▶ _TASK GOAL_:
Repeat the lines from the one containing "living room featuring" through the last line of the data, exactly, pictures omitted.

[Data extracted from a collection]
BEGIN
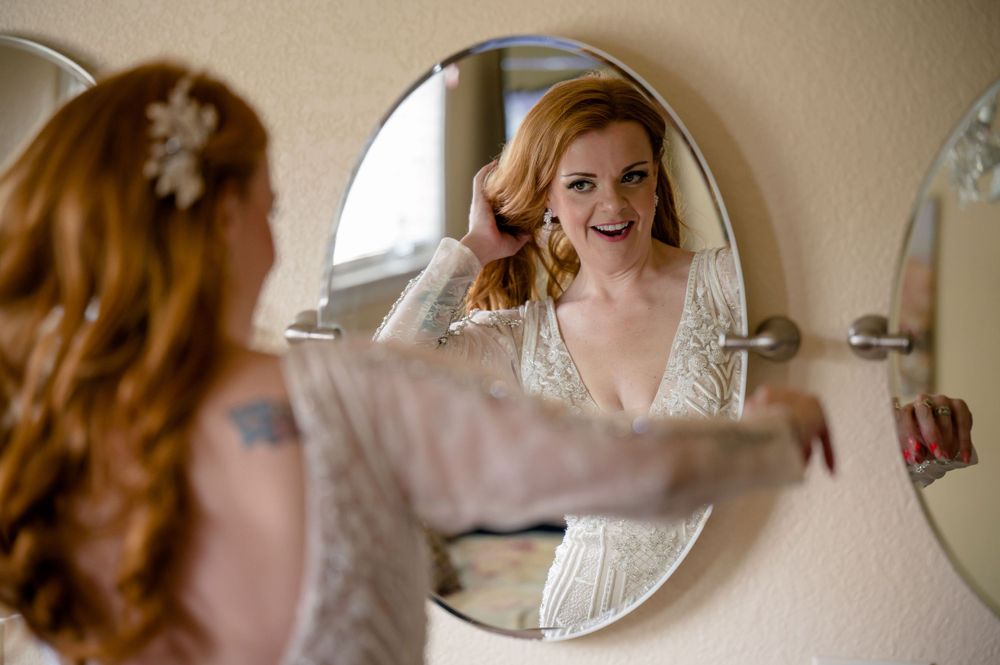 A reflection in a round mirror showing wedding day preparations.
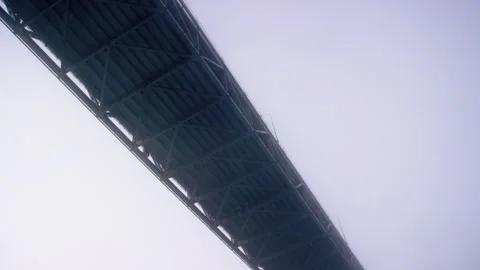 Looking up at underside of Bay Bridge in San Francisco CA in thick fog at dawn Stock-Footage 242830972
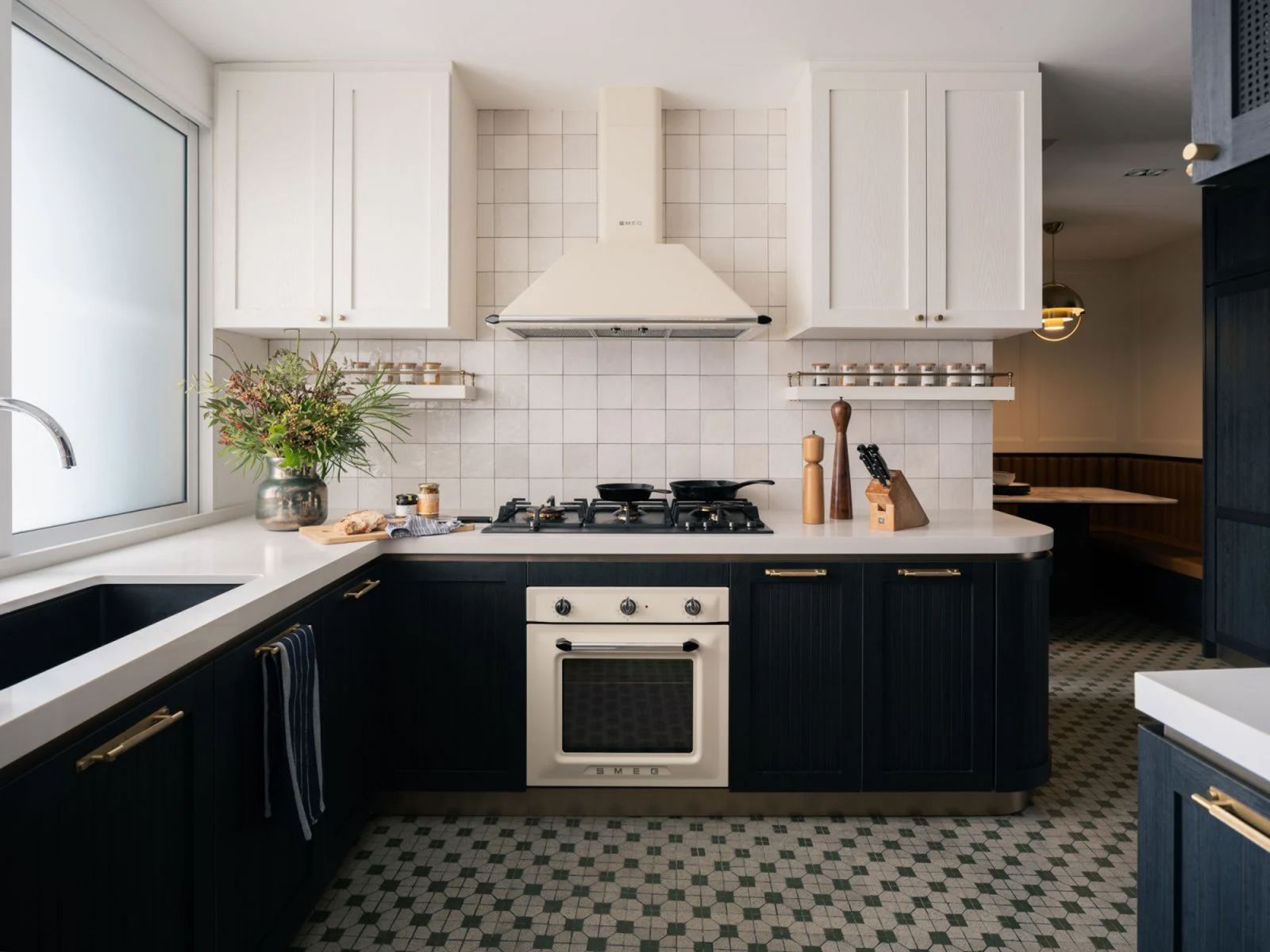 The kitchen in the Cairnhill Plaza apartment by Haus Atelier strikes a balance between demure minimalism and lush detail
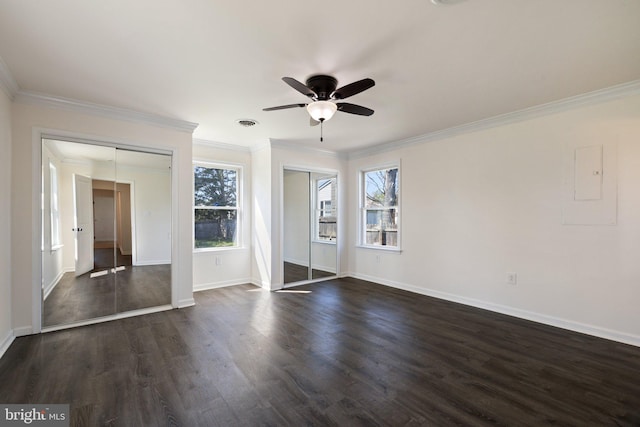 unfurnished bedroom featuring dark wood-type flooring, two closets, crown molding, and baseboards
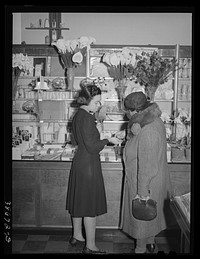 Ten-cent store on 47th Street. Customers are mostly es. Chicago, Illinois by Russell Lee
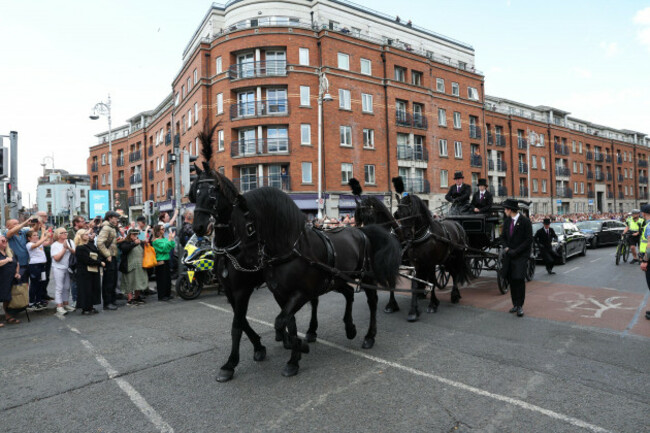 a-horse-drawn-hearse-takes-the-coffin-away-from-st-patricks-cathedral-in-dublin-following-the-funeral-of-glen-hansard-the-oscar-winning-irish-musician-and-activist-died-in-a-motorcycle-crash-last-w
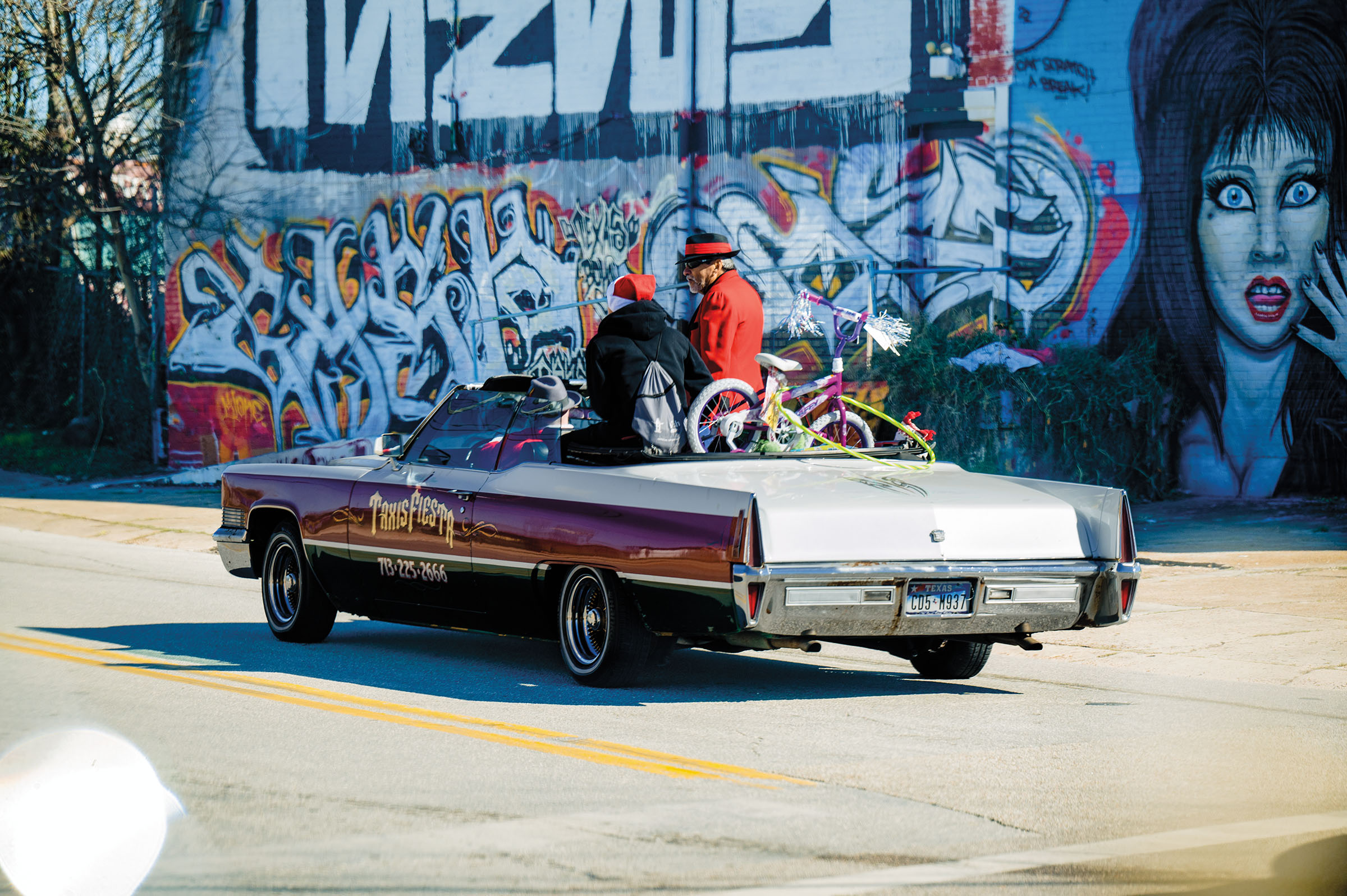 Pancho Claus, in his typical red zoot suit, sits in an open convertable as it drives in front of a brightly colored mural with spray painted graffiti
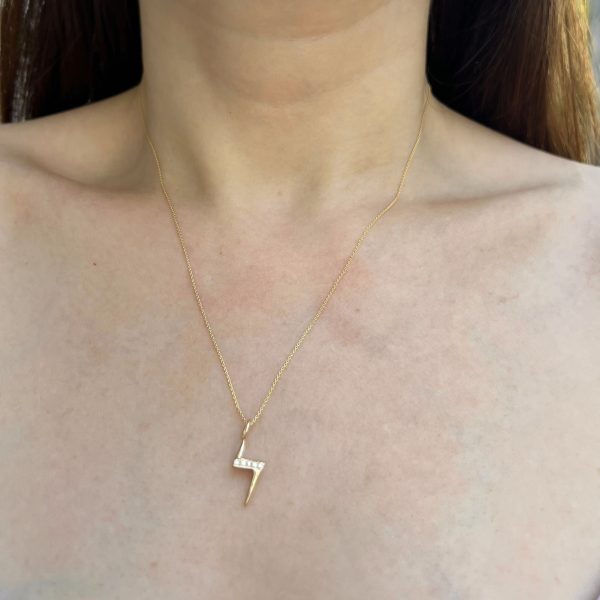 wearing the 14k yellow gold lighting bolt charm necklace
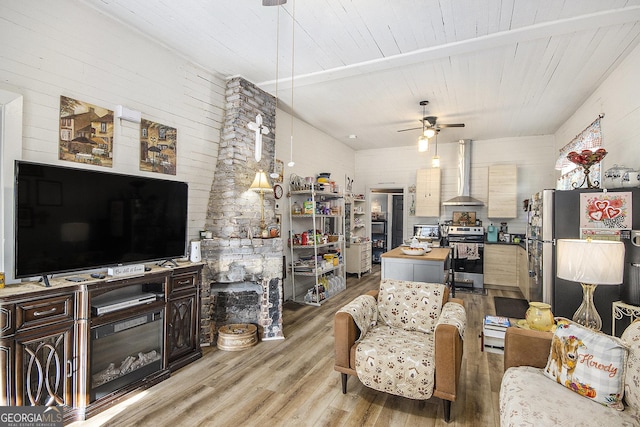 living room featuring wooden ceiling, ceiling fan, and light wood-type flooring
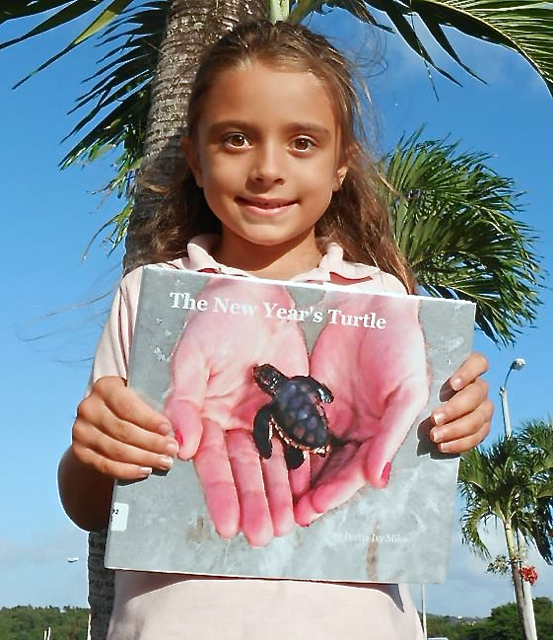 Portia Ivy Miles with a copy of her book, 'The New Year's Turtle.'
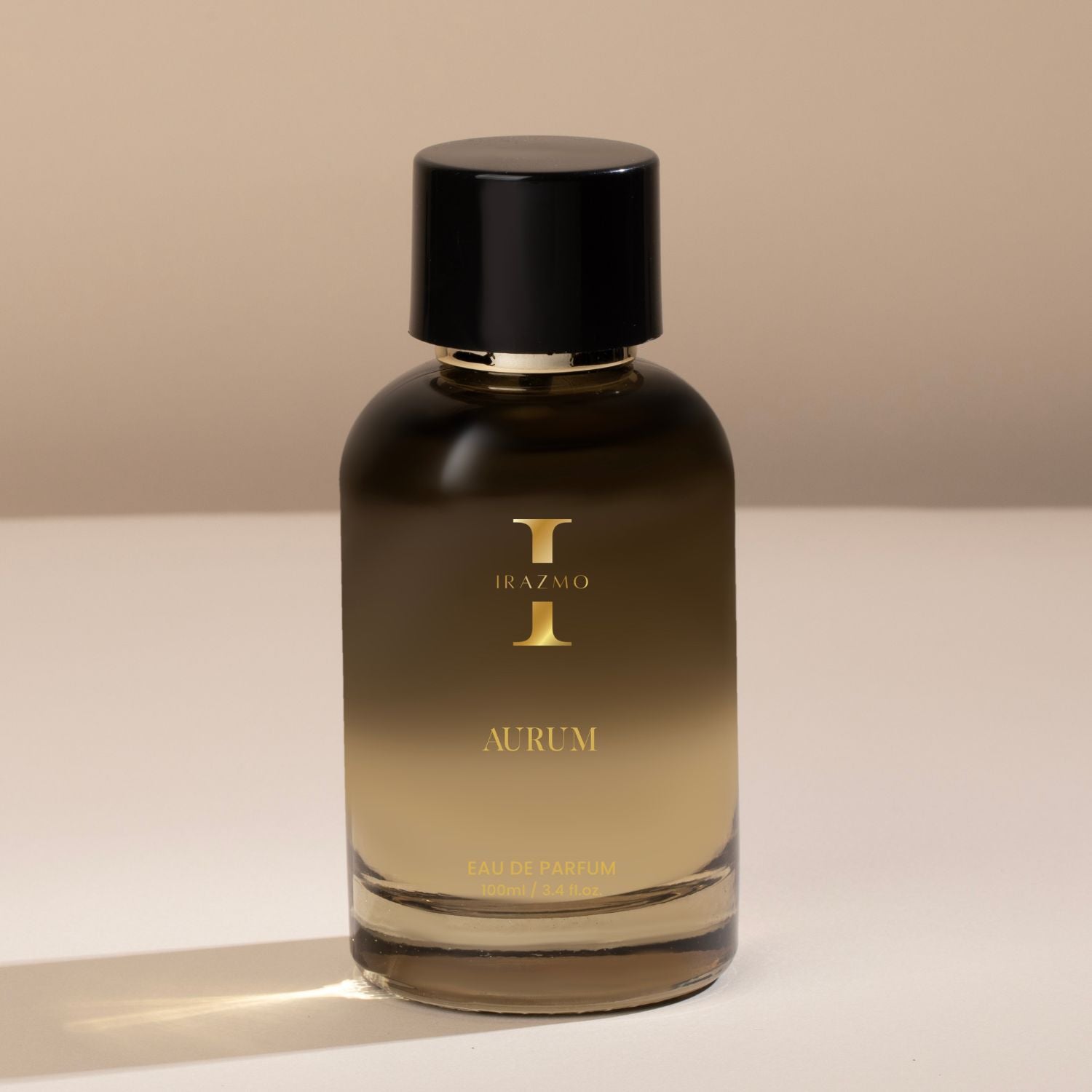 Perfume bottle labeled 'Irazmo Aurum' on a neutral background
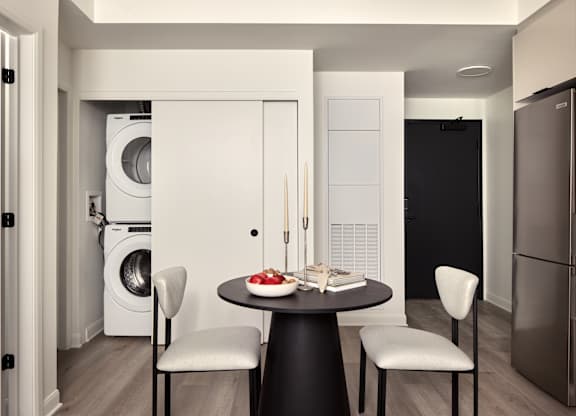 A modern kitchen with a table set for two.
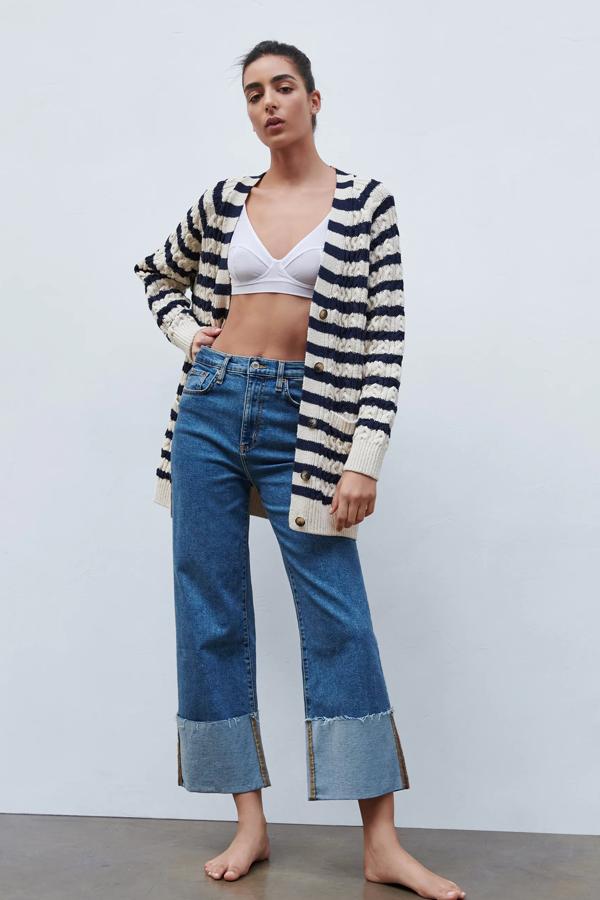 Esta chaqueta larga de punto en color crudo con rayas en negro cuenta con bolsillos delanteros de plastrón y cierre frontal con botones. Es de Zara y tiene un precio de 29,95 euros.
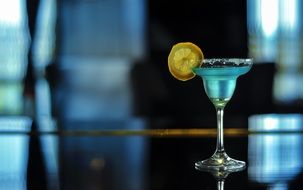 blue cocktail in the glass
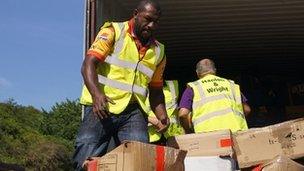 Menzie Yere loading donated kit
END
▶ _WORKED SOLUTION_:
 living room featuring wooden ceiling, ceiling fan, and light wood-type flooring
 Portia Ivy Miles with a copy of her book, 'The New Year's Turtle.'
 Perfume bottle labeled 'Irazmo Aurum' on a neutral background
 A modern kitchen with a table set for two.
 Esta chaqueta larga de punto en color crudo con rayas en negro cuenta con bolsillos delanteros de plastrón y cierre frontal con botones. Es de Zara y tiene un precio de 29,95 euros.
 blue cocktail in the glass
 Menzie Yere loading donated kit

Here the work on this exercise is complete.